I bought a plate and frame filter from a winery that was closing. They gave me a few boxes of leftover filter pads that they cautioned were a 'little old'.

The date code indicated they were about 6 years from manufacturing but unopened. I opened the pack to check them out and when I wetted them before placing them in, I noted they had a musty aroma. I filtered 10 gallons of water with it to check and the water smelled musty too. Decided to dump the old filters and use the new ones I already had. Hated to toss over $500 of filter pads but better than getting musty wine from them.

So, yes, storage conditions play an important role in ensuring quality filters.


----------



## MB wino (Oct 24, 2020)

Any updates on whether the taste/smell fades with time?

Same experience today with #2 pads. Frustrating!


----------



## KumaLisa46 (Oct 24, 2020)

porkchopmessiah said:


> I have a mini jet, the instructions are pretty specific about not flushing it with anything but water


Yes, that's what I did


----------



## KumaLisa46 (Oct 24, 2020)

Rice_Guy said:


> The supplier wants to know this has happened.
> We have had a similar defect in instant rice.

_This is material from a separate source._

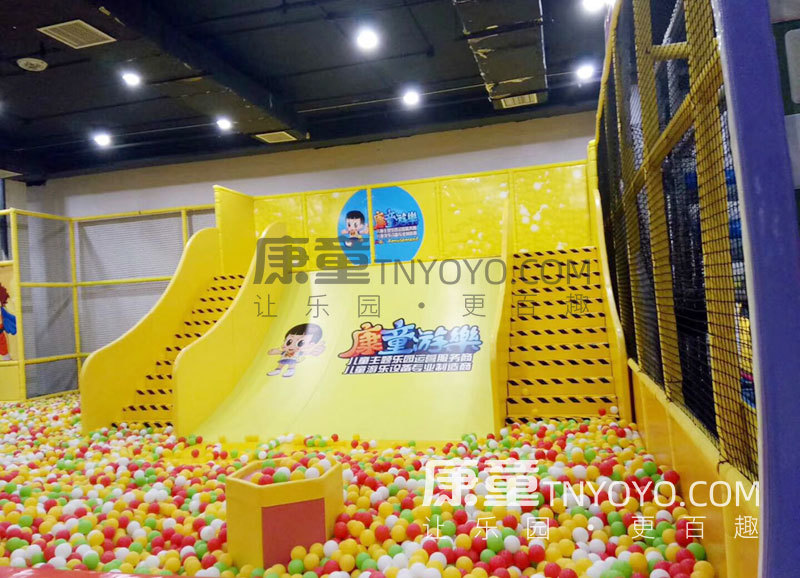 儿童游乐设备淘气堡需要多少钱,儿童乐园淘气堡设备发货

When the problem was tracked down, it was the distribution warehouse was keeping our food next to a slot that had Irish Spring soap. Drier sheets have an equally aggressive perfume.
> 
> Try ordering pads from a different part of the country/supply chain.

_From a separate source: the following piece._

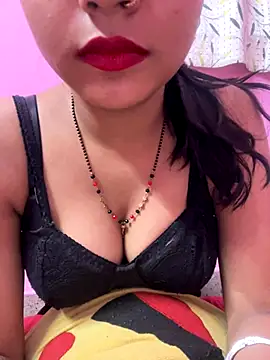Snapshot of samaya-21 chatting on 12/17/25, 05:41 samaya-21 online show from 12/17/25, 05:41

I have tried new pads with different manufacture stamp on it. They were perfect.


----------



## KumaLisa46 (Oct 24, 2020)

MB wino said:


> Any updates on whether the taste/smell fades with time?
> 
> Same experience today with #2 pads. Frustrating!j
> 
> ...


----------



## MB wino (Nov 4, 2020)

Sorry to hear it did not improve. Thanks for responding.

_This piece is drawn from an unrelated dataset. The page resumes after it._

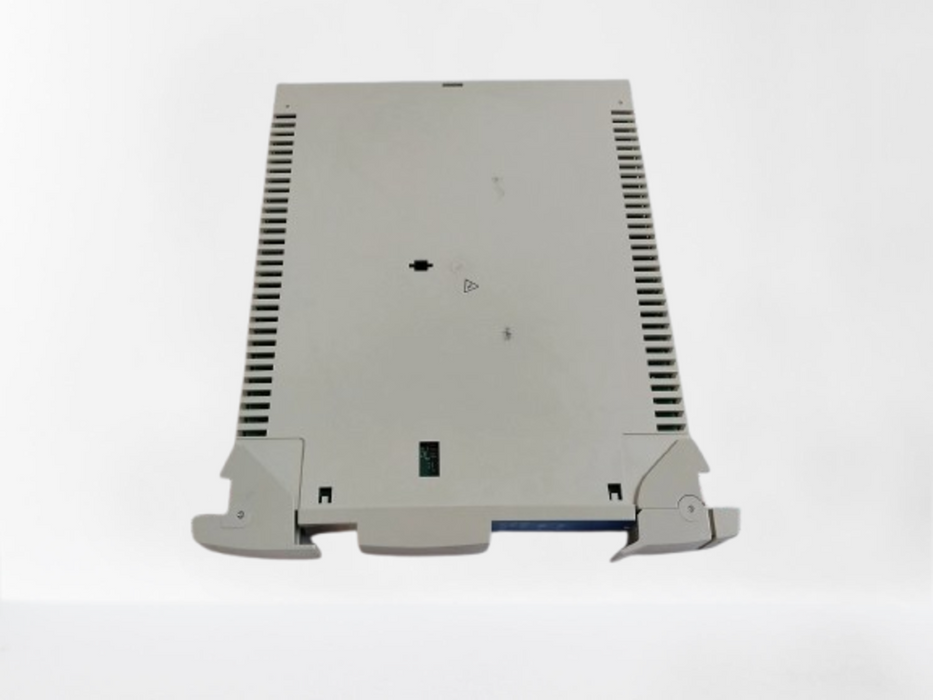 Honeywell MC-PDIY22 module with 32-channel 24 VDC digital inputs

FYI - I decided not to bottle and added a few ounces of oak chips and biolees in the hope they might improve my Cab. After a week, I racked and noticed a big improvement. I then clarified the wine hoping for the best. The result was decent. I lost aroma (compared to my Cab that wasn’t filtered) but the soap smell and taste is greatly diminished.


----------



## hounddawg (Nov 5, 2020)

i am no where close to yawls level, and i do sweet country wines, but setting to the side and just reading, it seems to me the one common factor is paper filters, just my 2 cents, since i read on here for 2 years before joining, all of my wines are spun polypropylene filters, never once (knock on wood) have i ever had so much as a hint of trouble, maybe because I'm to dumb to know the difference, i don't sell wine, but i sell fruit, labels, corks, chemicals bottles,,, ECT, All of my "friends" are row crop farmers, business men, ECT and all multimillionaires,, when they bring me bottles they bout from other places all have price stickers of $94.50 and up per bottle,, yet this poor dumb hillbilly, gets lots of "friends",, and have yet from around 2012 thru now have never had a single complaint, there are tons of threads on here about soapy taste and all seem to go back to paper, just my 2 cents, from a poor old hillbilly.
but a whole house filter, and buying spun polyproline filters 1 micron for whites, 5 microns for reds, and a case of 25 micron for initial rack from ferment barrel to secondary, on e-bay buying by the case of 50 runs about $1 to $1,30 per filter, and can be washed frozen and reused a few times, 
this is just my opinion and no offence meant at all.
SKOAL
Dawg


----------



## MB wino (Nov 7, 2020)

Dawg,
Good idea - ordered a new filter set up this week. No more paper for me - thanks!


----------



## KumaLisa46 (Jan 16, 2021)

robert81650 said:


> Let us know about the response from the filter manufacturer.........................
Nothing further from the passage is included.